Universidad de Barcelona



Ampliamente conocido es el vínculo que en la historia literaria de la filología española se ha establecido entre la corriente filosófica krausista y el programa político del regeneracionismo. Un vínculo que se encontró prontamente relacionado con una preocupación que incidía directamente en el ámbito pedagógico que, «con una ambición de "metas ideales más altas"», como indicaban los krausistas, pretendía la búsqueda de ese «hombre nuevo» que había de servir de cauce al proceso de la regeneración. (Rodríguez de Lecea, 1990): «[...] las naciones, los pueblos y las uniones de pueblos pueden y deben realizar en sí un hombre y vida superior» (Krause, 2002: 65).

Efectivamente se derramaron ríos de tinta por la mejora de la enseñanza. De este proyecto pedagógico destaca la figura central de Francisco Giner de los Ríos. Sin embargo, es conocido ya el abuso o la confusión inadvertida (nunca inocente) que a menudo ha llevado a mezclar el término de «hombre» con el de «ser humano» o «la humanidad» (Millet, 1995). Lo cierto es que Krause tuvo siempre a bien diferenciarlo en su Ideal de la humanidad para la vida, y que también fue diferenciado por los profesores krausistas: se hablaba de la necesidad de una reforma de la universidad (me remito al primer debate sobre la educación, planteado en 1868), una universidad a la que no accedían las mujeres, si bien es cierto que La Gloriosa significó el inicio de una preocupación efectiva por la educación de la mujer. Solo mencionaré, a modo de ejemplo, La Escuela de Institutrices, creada por Fernando de Castro, no confesional e inaugurada el 1 de diciembre de 1869 (Scanlon, 1986)1.

Pero hay que señalar que si el krausismo fue una fuente de inspiración para la consecución de la búsqueda del «hombre nuevo» no es menos cierto que también se vinculó a la necesidad de la creación de una «mujer nueva», siguiendo de cerca sus principios:

El hombre que reconoce la idea de la unidad humana, y de la dualidad inmediata y la más íntima contenida en esta unidad, [...] ama y respeta la peculiar excelencia y dignidad de la mujer. Cuando observa que esta mitad esencial de la humanidad está hoy en unos pueblos oprimida y degradada, en otros postergada o abandonada en su educación por el varón, que hasta ahora se ha atribuido una superioridad exclusiva [...]. Con este vivo sentido trabaja, donde ha lugar y lo puede hacer con fruto, para restablecer el santo derecho de la mujer al lado del varón.

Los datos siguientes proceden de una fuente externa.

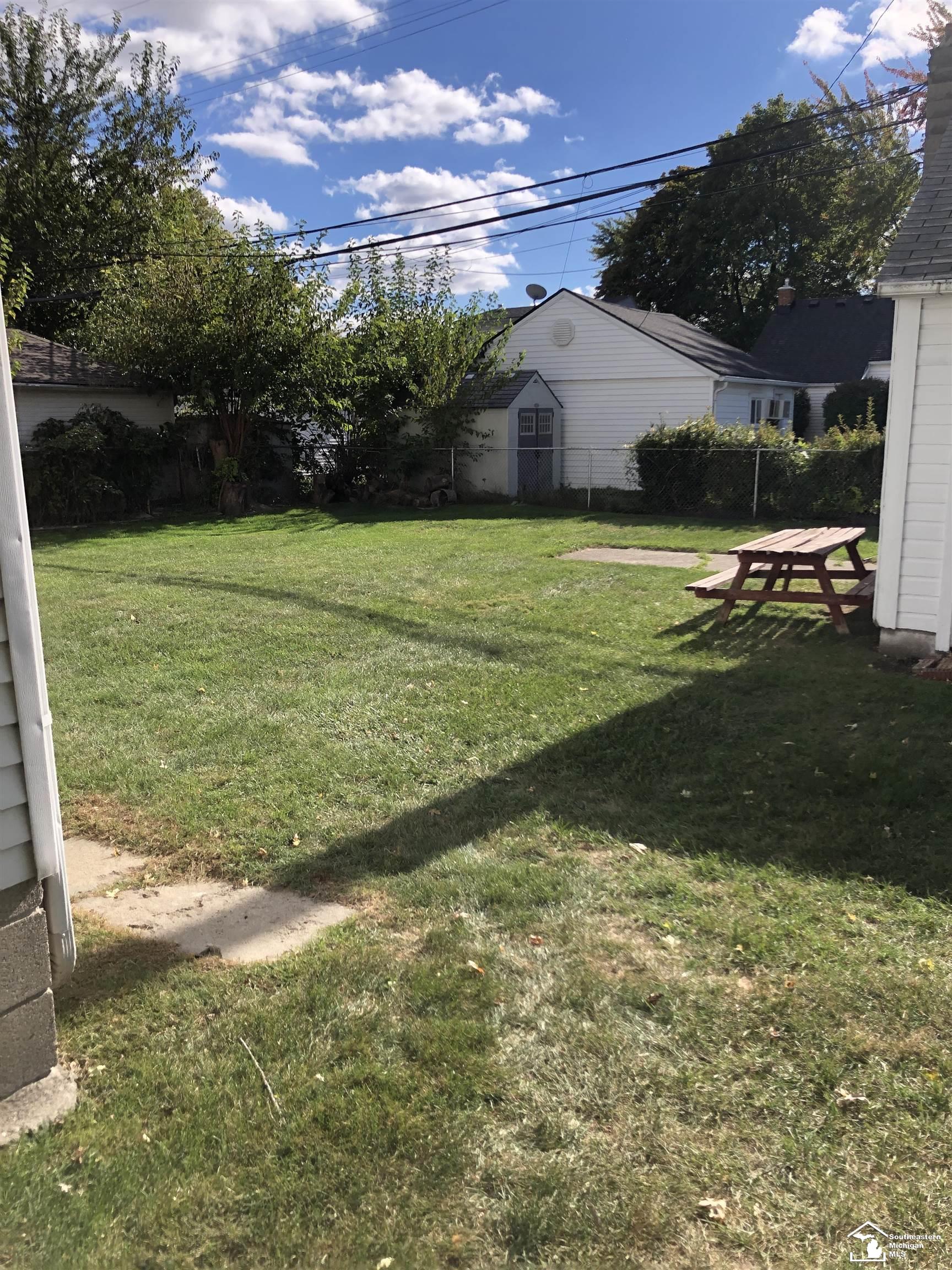 property viewer photo 6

(Krause, 2002:105)                


Evidentemente la diferenciación entre hombre y mujer se muestra clara en la obra de Krause, en cuanto corresponde al hombre la dignificación del papel de la mujer, a través de la educación. Si es cierto que se muestra la necesidad de dignificar a la mujer, y de «elevarla» a una categoría que viene a resumirse en la de «compañera del hombre», no es menos cierto que la jerarquía que se establece entre los sexos sigue estando igualmente marcada, en cuanto debe ser ese «hombre renovado» el que debe asumir la función de redimir a la mujer. Puede resumirse esta nueva distribución de roles en una simple diferenciación de matices entre lo que significa «Ilustración» y «educación». Así pues «Ilustración» es, en este programa, el deber prioritario del hombre; de la misma forma que «educación» lo es para la mujer.

Creo que hasta aquí queda bastante clara una diferenciación entre la asignación de roles entre hombre y mujer. Evidentemente Krause lo resuelve conciliatoriamente en aquella «dualidad inmediata» que son el hombre y la mujer y en la que se reconoce «la idea de la unidad humana». Pero no hay que caer en el error de interpretar que esa «mujer elevada» se plantee, en algún momento, a un mismo nivel que el hombre. El Hombre es el educador, es el poseedor de la ciencia y de la Verdad y es, por ello, transmisor y responsable de la dignificación de la mujer. Es decir, la mujer puede ser «compañera» del hombre, pero, evidentemente, nunca será su igual, porque su situación de alumna la situará siempre un paso por detrás.

De ahí que la educación de la mujer sea importante para los krausistas desde una perspectiva filosófica que, en su vertiente política, ofrece una solución que pacta con la estructura social jerárquica del patriarcado. Si la Ilustración se plantea como axioma que debe dar sus frutos en el progreso de la humanidad, el progreso se limita a la responsabilidad exclusiva del hombre, apoyado por una «compañera» que, educada por él, reafirme su posición. Es un proceso que mira «progreso» y «humanidad» como conceptos absolutos, no relativizados en una oposición jerárquica entre hombre y mujer, perpetuando así un esquema de mando y subordinación.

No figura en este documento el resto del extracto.